Know what you mean about components getting smaller, too. The latest is that the coloured bands seem to breed. I used to be able to recognise brown-black-yellow at 10 paces; now it's half the size or less and brown black black orange gold pink, and I have to stop and think. I've got some sub-10-ohm resistors in the box for transistory stuff; I can't work out the colours on those. I've stuck them into pieces of paper with it written on 'em. |
The only bit of poetry I've ever writ.
Valve radios, aaaaahh, the smell and the heat. Ten killohm resistors wired ever so neat. The whistles the pops, the heterodyne wine. Getting ‘Much binding' was simply divine. From body to spot, via tips, parts encoded. ‘tis a terrible shame, that it all came outmoded. |
I bought this thingy about thirty years ago,of course I didn't need it then,I had hands steady as granite, eyes as sharp as a ere, sharp thing,and was a forth dan black belt solderizer, it had various crocodile clips to hold the job at any angle and a large magnifying glass that could be moved and tilted to cover any job, I didn't need it but it were a tool and I am a bloke so I had to have it.
Over the years of being unused in the back of cupboards and such bits have dropped off and gone missing, the magnifying glass was plundered,now when I do need it it is beyond help. There must be a moral there somewhere. the thingy or rather whats left of it.:( http://i11.photobucket.com/albums/a1...psede54bf7.jpg |
I bought one of these v cheaply from Lidl.
Not top quality but has an LED light as well.

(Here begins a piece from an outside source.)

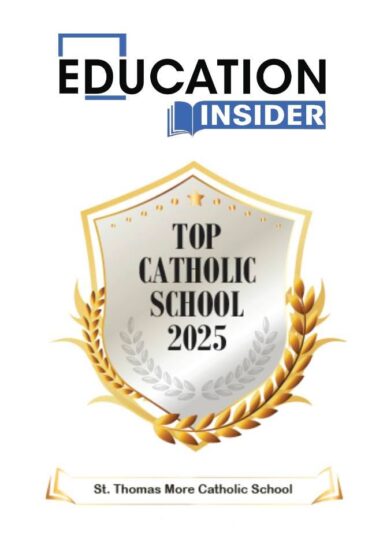 fb-159601077411766_1214786554126357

V useful. |
That's probably one of the finest thingies I've ever seen. Superb workmanship - so, I'd plunder someone else's thingie for the spare parts, even adding some of your own inventions.
Forget those modern LED pinprick lights, but a good old-fashioned socket for a light bulb comes to mind.;) |
It's called a "Helping Hands" (or was when I bought mine). Refer post number 20 above. Mine's still in regular use.
Available from Maplin in the 1980s, maybe still. |
One likes crinkly paint. Reminds one of a prewar fillum projector I was given c 1949.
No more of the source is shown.